[Source data — start]

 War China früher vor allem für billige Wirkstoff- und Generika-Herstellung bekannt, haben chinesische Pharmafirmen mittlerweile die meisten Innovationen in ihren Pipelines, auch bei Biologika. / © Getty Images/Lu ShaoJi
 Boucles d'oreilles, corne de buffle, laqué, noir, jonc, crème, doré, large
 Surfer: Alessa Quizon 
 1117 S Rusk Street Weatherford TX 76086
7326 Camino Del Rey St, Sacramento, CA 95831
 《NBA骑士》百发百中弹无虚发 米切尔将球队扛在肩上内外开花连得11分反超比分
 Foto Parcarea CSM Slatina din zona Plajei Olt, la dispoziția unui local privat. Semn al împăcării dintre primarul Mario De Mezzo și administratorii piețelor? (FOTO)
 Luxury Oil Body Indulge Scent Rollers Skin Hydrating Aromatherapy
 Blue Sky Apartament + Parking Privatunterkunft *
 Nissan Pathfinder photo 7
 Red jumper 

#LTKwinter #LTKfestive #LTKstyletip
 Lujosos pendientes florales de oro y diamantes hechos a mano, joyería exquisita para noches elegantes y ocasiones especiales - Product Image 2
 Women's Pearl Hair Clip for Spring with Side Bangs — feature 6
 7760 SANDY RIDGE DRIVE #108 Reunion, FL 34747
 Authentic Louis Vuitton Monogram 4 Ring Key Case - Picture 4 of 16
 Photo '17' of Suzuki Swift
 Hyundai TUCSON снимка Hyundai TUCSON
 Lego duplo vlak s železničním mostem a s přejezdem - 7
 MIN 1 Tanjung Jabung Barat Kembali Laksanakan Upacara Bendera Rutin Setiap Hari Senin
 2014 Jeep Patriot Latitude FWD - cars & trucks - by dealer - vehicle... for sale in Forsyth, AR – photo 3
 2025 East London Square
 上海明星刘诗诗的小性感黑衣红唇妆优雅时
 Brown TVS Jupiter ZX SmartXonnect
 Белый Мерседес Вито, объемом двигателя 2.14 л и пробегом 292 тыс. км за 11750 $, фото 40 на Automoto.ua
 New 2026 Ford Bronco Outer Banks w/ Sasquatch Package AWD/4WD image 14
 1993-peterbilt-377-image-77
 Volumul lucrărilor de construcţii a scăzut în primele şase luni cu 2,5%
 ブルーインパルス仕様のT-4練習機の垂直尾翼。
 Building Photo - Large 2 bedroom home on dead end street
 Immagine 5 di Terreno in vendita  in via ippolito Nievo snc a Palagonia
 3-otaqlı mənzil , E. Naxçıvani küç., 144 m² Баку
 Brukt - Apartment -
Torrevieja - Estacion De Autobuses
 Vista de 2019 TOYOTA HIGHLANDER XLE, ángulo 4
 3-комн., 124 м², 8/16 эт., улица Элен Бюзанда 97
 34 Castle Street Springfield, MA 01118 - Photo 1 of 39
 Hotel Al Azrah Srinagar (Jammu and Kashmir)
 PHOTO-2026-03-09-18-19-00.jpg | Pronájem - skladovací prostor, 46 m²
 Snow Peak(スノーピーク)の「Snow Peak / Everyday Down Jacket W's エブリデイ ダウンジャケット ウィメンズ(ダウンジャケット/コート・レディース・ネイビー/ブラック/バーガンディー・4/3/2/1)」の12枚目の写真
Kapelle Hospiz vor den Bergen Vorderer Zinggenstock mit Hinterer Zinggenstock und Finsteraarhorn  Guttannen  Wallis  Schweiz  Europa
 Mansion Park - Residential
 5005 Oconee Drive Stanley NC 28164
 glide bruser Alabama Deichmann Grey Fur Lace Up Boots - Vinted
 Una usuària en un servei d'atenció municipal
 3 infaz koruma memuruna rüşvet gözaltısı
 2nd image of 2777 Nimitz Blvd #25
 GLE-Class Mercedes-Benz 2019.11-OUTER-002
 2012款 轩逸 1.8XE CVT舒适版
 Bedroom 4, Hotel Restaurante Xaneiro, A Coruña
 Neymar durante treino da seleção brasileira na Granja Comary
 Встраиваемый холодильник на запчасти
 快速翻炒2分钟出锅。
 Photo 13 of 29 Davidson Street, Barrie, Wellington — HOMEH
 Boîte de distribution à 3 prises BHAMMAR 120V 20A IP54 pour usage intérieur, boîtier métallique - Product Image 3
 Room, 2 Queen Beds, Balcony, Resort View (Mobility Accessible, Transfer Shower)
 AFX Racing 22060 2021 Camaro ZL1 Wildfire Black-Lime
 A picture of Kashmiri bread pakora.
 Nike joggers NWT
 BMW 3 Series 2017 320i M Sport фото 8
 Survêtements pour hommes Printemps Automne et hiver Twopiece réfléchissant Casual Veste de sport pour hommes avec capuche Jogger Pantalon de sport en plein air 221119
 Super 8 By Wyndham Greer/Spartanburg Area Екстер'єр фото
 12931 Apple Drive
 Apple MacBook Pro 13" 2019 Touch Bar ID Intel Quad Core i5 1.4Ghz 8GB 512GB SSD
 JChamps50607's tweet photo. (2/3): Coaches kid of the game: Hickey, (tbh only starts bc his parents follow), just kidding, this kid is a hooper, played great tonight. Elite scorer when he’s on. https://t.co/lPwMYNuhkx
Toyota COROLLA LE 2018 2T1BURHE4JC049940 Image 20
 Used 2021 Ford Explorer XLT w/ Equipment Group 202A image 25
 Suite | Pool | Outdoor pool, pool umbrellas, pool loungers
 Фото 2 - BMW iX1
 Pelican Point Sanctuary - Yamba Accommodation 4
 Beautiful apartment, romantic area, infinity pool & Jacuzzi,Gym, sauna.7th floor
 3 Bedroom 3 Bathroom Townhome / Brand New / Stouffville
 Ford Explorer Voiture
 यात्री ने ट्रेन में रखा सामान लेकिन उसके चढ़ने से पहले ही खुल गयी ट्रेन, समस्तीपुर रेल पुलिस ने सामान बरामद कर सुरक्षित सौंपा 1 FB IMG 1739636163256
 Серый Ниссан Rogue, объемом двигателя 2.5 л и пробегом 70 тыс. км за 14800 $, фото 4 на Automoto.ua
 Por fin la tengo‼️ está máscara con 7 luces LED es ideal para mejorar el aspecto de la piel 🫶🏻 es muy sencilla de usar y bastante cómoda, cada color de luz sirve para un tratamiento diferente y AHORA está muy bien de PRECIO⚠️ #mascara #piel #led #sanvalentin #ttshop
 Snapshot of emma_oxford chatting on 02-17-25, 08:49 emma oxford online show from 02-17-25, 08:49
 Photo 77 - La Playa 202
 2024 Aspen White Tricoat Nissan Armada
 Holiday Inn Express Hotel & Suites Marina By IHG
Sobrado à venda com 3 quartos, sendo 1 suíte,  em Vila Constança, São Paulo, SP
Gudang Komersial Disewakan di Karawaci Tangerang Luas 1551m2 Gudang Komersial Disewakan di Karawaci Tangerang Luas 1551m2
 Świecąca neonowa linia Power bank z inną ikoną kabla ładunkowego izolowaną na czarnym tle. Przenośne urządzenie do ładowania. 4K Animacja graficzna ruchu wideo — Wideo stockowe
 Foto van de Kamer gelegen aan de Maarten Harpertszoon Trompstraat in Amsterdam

[Source data — finish]

* **Exercise directions**
Search the data for the word "Nissan" and report how many lines include it, with the number alone.

* **Answer for the task**
2